The Spotify API returns a dataframe of tracks and associated attributes. However, it will only return up to 50 (or 20) tracks at a time, so you will have to make multiple requests. Use a function to combine all your requests in one call.
Once you have your tracks, familiarize yourself with this initial dataframe. You'll need to request some additional information for the analysis. If you give the API a list of track IDs using get_track_audio_features(), it will return an audio features dataframe of all the tracks and some attributes of them.
These track audio features are the predictors we are interested in, but this dataframe doesn't have the actual names of the tracks. Append the 'track.name' column from your favorite tracks database.
Find a class mate whose data you would like to use.
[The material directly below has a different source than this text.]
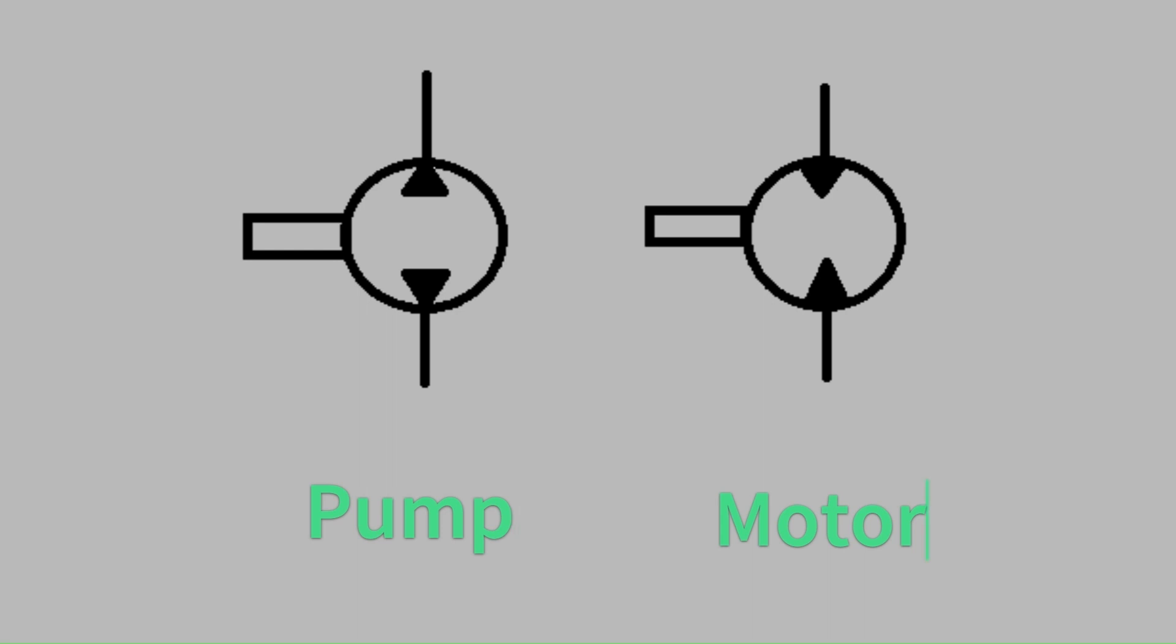In practice motors and pumps both have flow traveling in and out of them. But for the purposes of the schematic just remember a pump pushes out flow and a motor receives flow.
Add your partner's data to your dataset. Create a new column that will contain the outcome variable that you will try to predict. This variable should contain two values that represent if the track came from your data set or your partner's.
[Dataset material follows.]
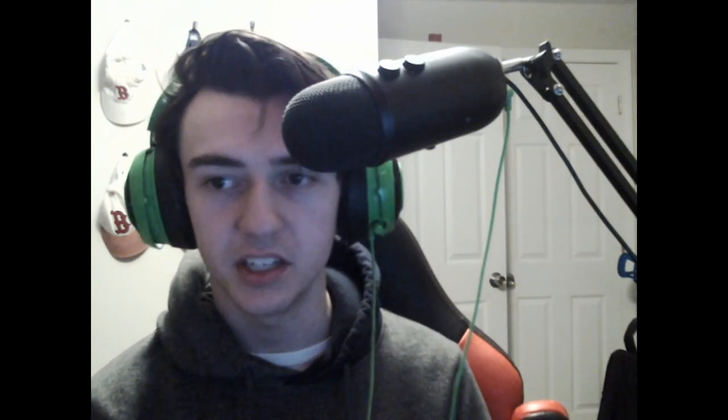All right, anyways, hopefully you enjoyed it. Hopefully you stopped crying by now. And yeah, peace.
**Option 2: Data preparation**
Download the Spotify dataset from <https://www.kaggle.com/datasets/mrmorj/dataset-of-songs-in-spotify>
Inspect the data. Choose two genres you'd like to use for the classification task. Filter down the data to include only the tracks of that genre.
###Data Exploration (both options)
Let's take a look at your data. Do some exploratory summary stats and visualization.
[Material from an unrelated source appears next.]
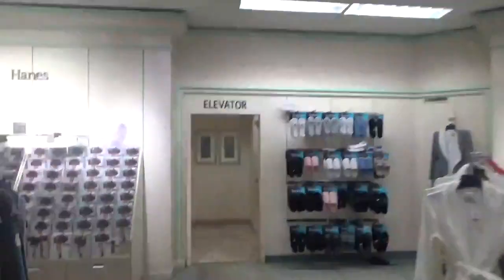This is the elevator at Lord Taylor at Tyson's Corner Mall, Tyson's Corner, Virginia. No, McLean, Virginia, sorry.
For example: What are the most danceable tracks in your dataset? What are some differences in the data between users (Option 1) or genres (Option 2)?
### **Modeling**
Create competing models that predict whether a track belongs to:
Option 1. you or your partner's collection
Option 2. genre 1 or genre 2
You will eventually create four final candidate models:
1. k-nearest neighbor (Week 5)
2. decision tree (Week 5)
3. bagged tree (Week 6)
- bag_tree()
- Use the "times =" argument when setting the engine during model specification to specify the number of trees. The rule of thumb is that 50-500 trees is usually sufficient. The bottom of that range should be sufficient here.
4. random forest (Week 6)
- rand_forest()
- m_try() is the new hyperparameter of interest for this type of model. Make sure to include it in your tuning process
Go through the modeling process for each model:
Preprocessing. You can use the same recipe for all the models you create.
Resampling. Make sure to use appropriate resampling to select the best version created by each algorithm.
Tuning. Find the best values for each hyperparameter (within a reasonable range).
Compare the performance of the four final models you have created.
Use appropriate performance evaluation metric(s) for this classification task. A table would be a good way to display your comparison. Use at least one visualization illustrating your model results.